Thanks! But I don't think the references are included in any of the LDC Catalogs.

Answer 17 · 2023-03-15T15:02:24.000Z

For future reference, the RTTMs are also here: http://www.openslr.org/resources/10/sre2000-key.tar.gz

Answer 18 · 2024-03-08T04:45:31.000Z

Hi @hbredin Thanks for bringing this up. It is true that even our setup has evolved through time. Following the setup that we inherited from JSALT 2016, in our original works with VBHMM clustering based methods (i.e. 1 and 2) we reported results on the whole set, excluding the file iaeu because it had labeling errors. Later on, following the partition from Kaldi, we used part1 as validation and part2 as test and the other way around for cross validation and tuning VBx hyperparameters. Still, we reported results on the whole set and using oracle VAD.

However, because Hitachi folks have started (and other followed) using part1 for fine-tuning and reporting results on part2 on EEND models, we did the same in our latest end-to-end work and continue with this setup. However, this is mainly because the community seems to have adopted this setup and we wanted to be able to compare against existing results.

Hi, Herve
So you mean for Hitachi EEND-EDA experimennts,
Train set = Callhome part 1
Validation set = Callhome part 2
Test set = Callhome part 2

Is it right?

Answer 19 · 2024-03-08T08:41:14.000Z

I guess this is for Hitashi people to answer here.
But I do hope that they are not using the same set for both validation and testing :)

Here is what I do, on my side:

use 75% of Callhome part 1 as train
use the remaining 25% of Callhome part 1 as validation
use Callhome part 2 as test

I don't think the actual split of part 1 (into train and dev) is really critical.
As long as part 2 never leaks into the various training steps (either train or validation) and we all report numbers on part 2, comparison should be fair.

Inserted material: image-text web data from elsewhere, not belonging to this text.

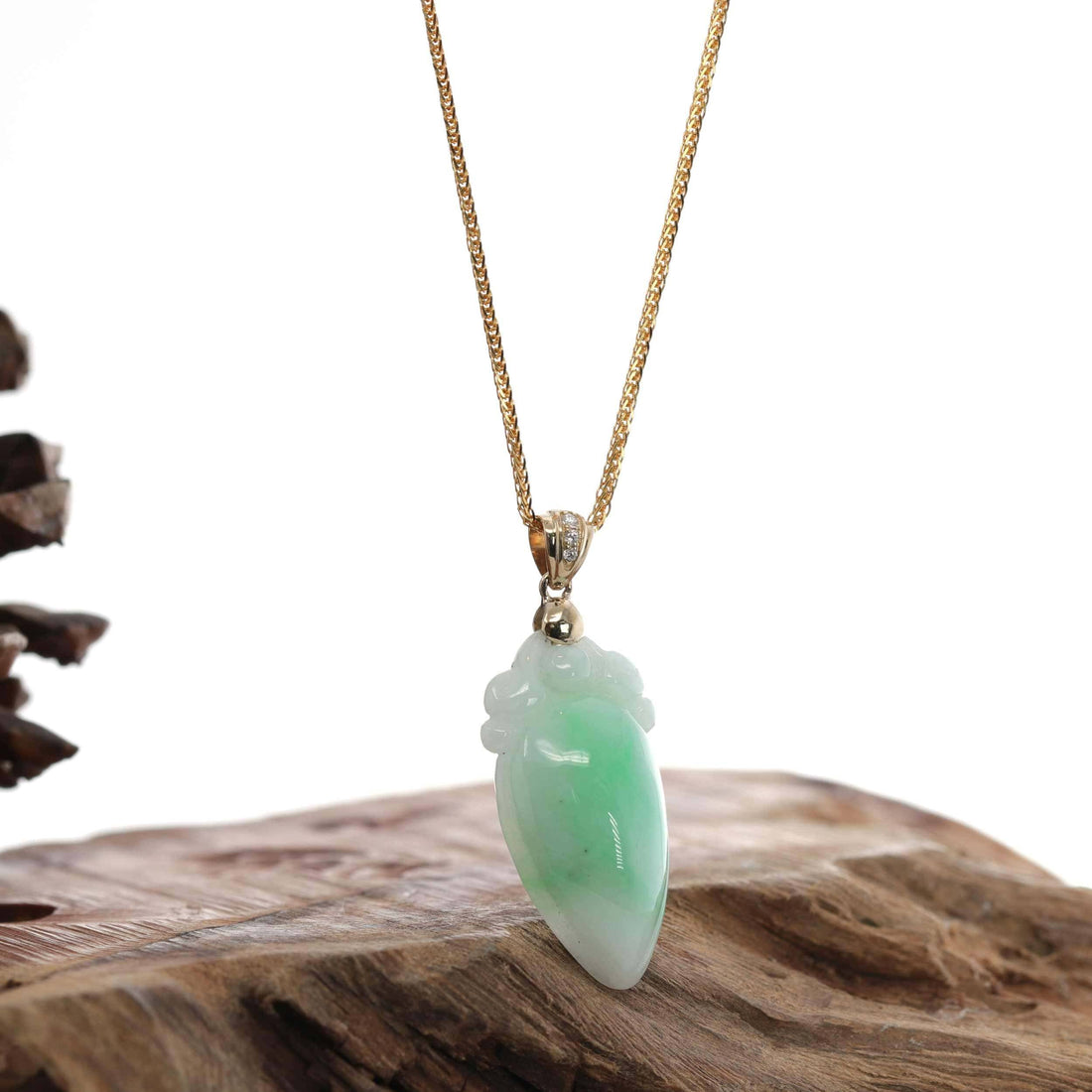 Baikalla Jewelry Jade Pendant Pendant Only Natural Jadeite "Longevity Peach" ShouTao Necklace With 14k Yellow Gold Diamond Bail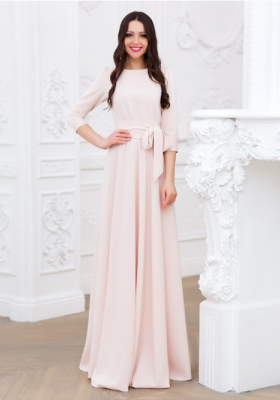 Платье в пол с поясом и длинным рукавом 5208 розовое 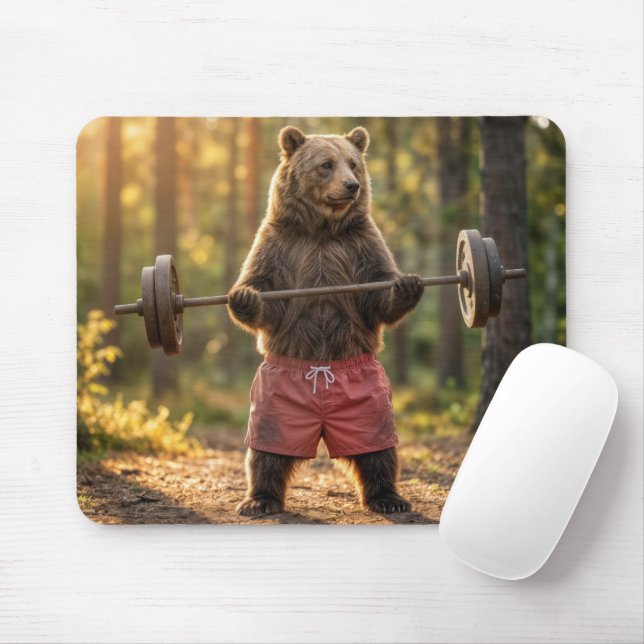 Bear Lifting Weights In a Sunny Forest Mouse Pad (With Mouse)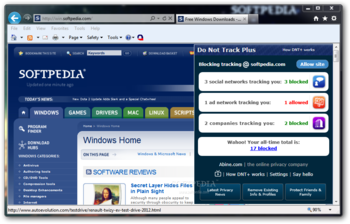 Do Not Track Plus for IE screenshot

Answer 20 · 2024-03-08T12:08:37.000Z

I guess a good scenario is what Hervé commented where he has a split of Part 1. However, it can have the issue that the same speaker appears in the 75% used as train AND in the 25% used as validation and that can lead to over-optimistic results in the validation set. But that certainly is correct in that the test set (Part 2) is never used for developing the model.

If I can add, I am afraid that many people are making decisions on Part 2 (which is the test set) and that should not be the case. Very few works report results on Part 2 without fine-tuning or comparisons on Part 1 (without fine-tuning).
Something I've been doing recently is to make all my comparisons (and decisions) on Part 1 without fine-tuning and only at the very end perform fine-tuning using Part 1 in order to report results on Part 2.
Also, when doing fine-tuning there is the question of how many epochs to run. I used the same number for both (or more) methods that I was comparing. This might still play in favor of one or the other method but at least there is no direct decision made on the test set (like run fine-tuning until the performance stops improving for Part 2).

I would not mind ~~hearing~~ reading others' opinions :)

Answer 21 · 2024-03-11T07:07:33.000Z

@hbredin @fnlandini Thank you for your quick and considerable responses!!